Dataset entries:
▼

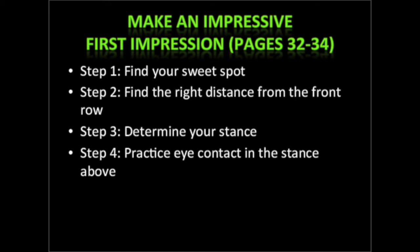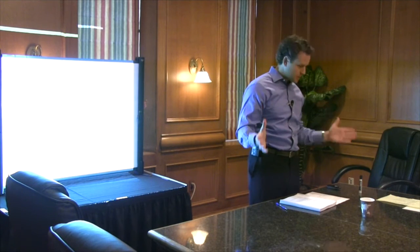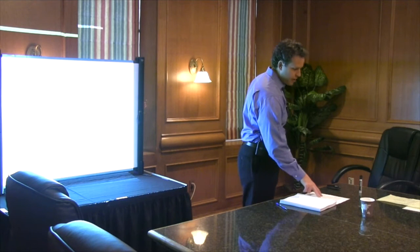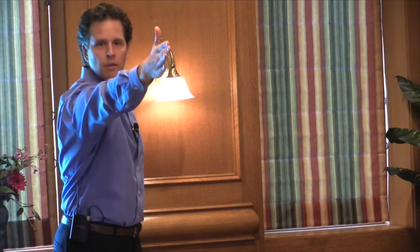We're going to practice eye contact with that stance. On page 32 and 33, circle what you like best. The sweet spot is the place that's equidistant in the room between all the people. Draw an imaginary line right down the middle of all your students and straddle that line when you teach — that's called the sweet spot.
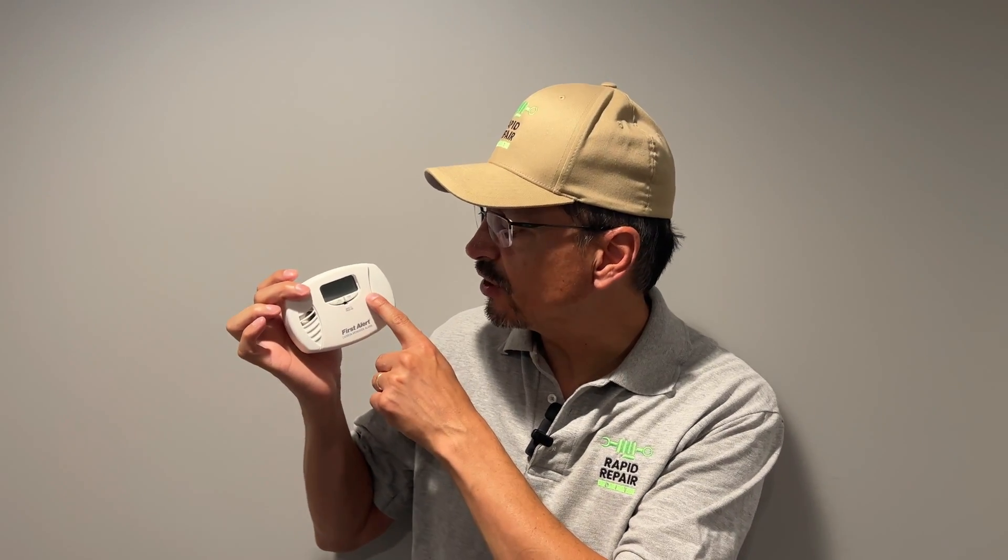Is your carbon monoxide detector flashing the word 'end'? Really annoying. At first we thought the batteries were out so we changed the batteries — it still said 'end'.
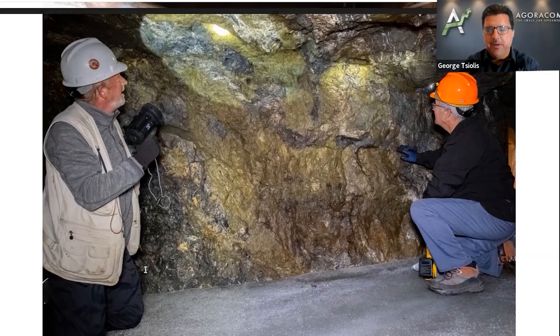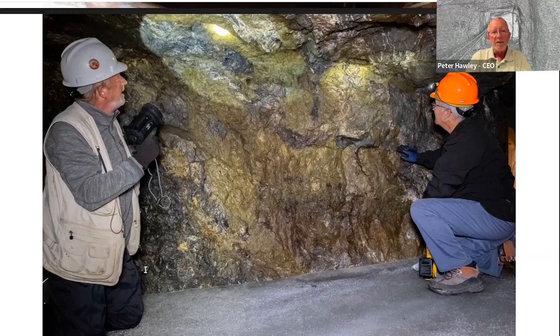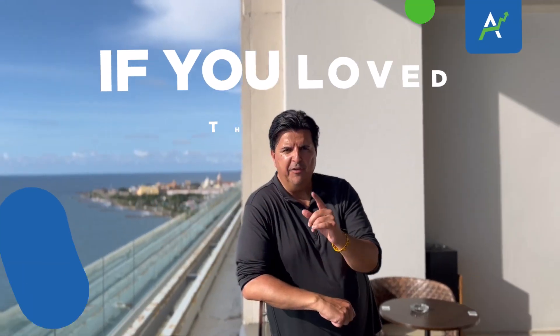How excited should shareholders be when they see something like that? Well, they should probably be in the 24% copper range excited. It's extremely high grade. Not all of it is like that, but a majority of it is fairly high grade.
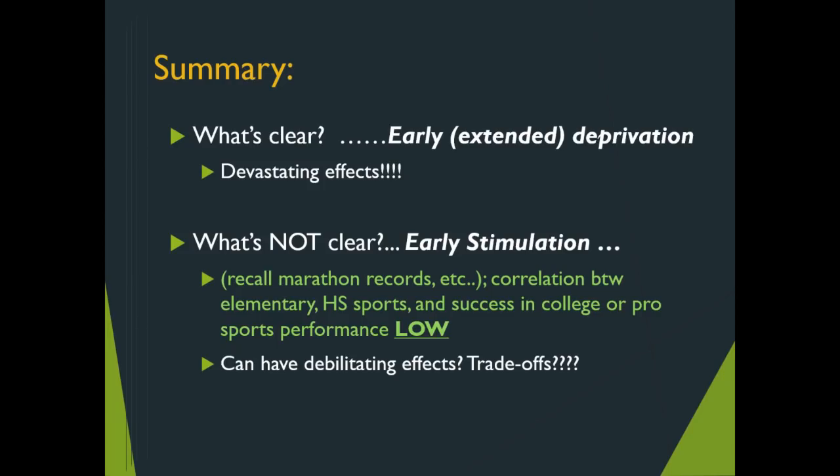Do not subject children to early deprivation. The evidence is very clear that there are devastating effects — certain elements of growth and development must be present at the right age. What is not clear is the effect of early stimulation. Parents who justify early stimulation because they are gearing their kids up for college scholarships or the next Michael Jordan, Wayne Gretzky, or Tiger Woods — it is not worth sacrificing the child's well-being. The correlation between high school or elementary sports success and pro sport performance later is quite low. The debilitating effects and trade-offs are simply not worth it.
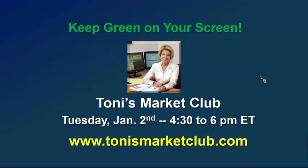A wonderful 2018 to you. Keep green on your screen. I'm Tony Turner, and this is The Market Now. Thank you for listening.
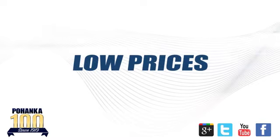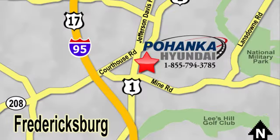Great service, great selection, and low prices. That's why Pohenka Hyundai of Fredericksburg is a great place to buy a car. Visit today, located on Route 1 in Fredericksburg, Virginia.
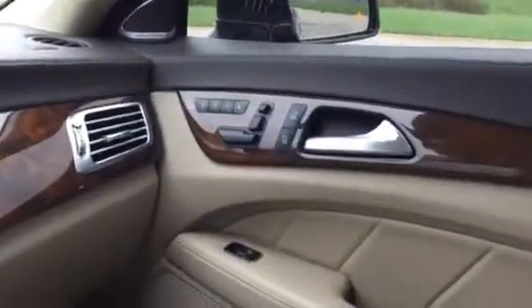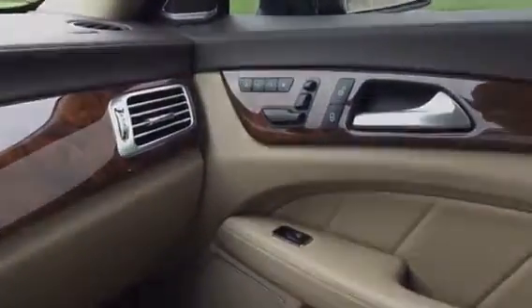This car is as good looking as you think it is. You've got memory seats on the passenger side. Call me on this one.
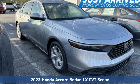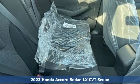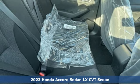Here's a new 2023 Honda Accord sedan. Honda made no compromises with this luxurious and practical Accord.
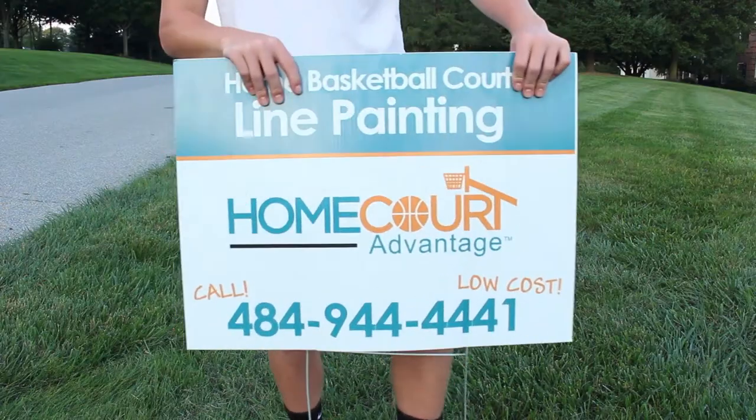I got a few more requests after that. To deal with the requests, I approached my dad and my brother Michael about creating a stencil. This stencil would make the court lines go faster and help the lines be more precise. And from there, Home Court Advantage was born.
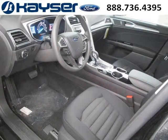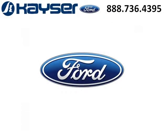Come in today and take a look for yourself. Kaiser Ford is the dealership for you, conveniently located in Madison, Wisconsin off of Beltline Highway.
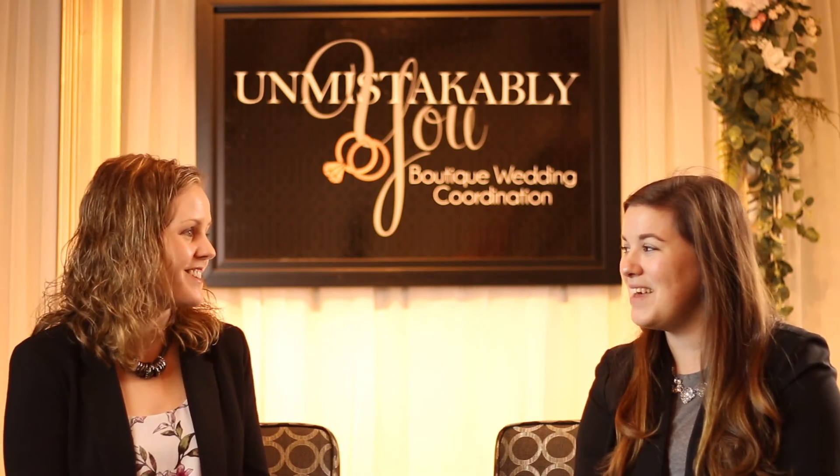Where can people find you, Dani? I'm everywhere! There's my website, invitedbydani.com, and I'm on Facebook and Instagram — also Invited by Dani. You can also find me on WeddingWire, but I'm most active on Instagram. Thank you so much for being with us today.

▲

**Required action:** Only the lines from the one with "I got a few" through the end of the data, both ends included, should be written out exactly, and no pictures should appear.

**Result of this task:**
I got a few more requests after that. To deal with the requests, I approached my dad and my brother Michael about creating a stencil. This stencil would make the court lines go faster and help the lines be more precise. And from there, Home Court Advantage was born.
Come in today and take a look for yourself. Kaiser Ford is the dealership for you, conveniently located in Madison, Wisconsin off of Beltline Highway.
Where can people find you, Dani? I'm everywhere! There's my website, invitedbydani.com, and I'm on Facebook and Instagram — also Invited by Dani. You can also find me on WeddingWire, but I'm most active on Instagram. Thank you so much for being with us today.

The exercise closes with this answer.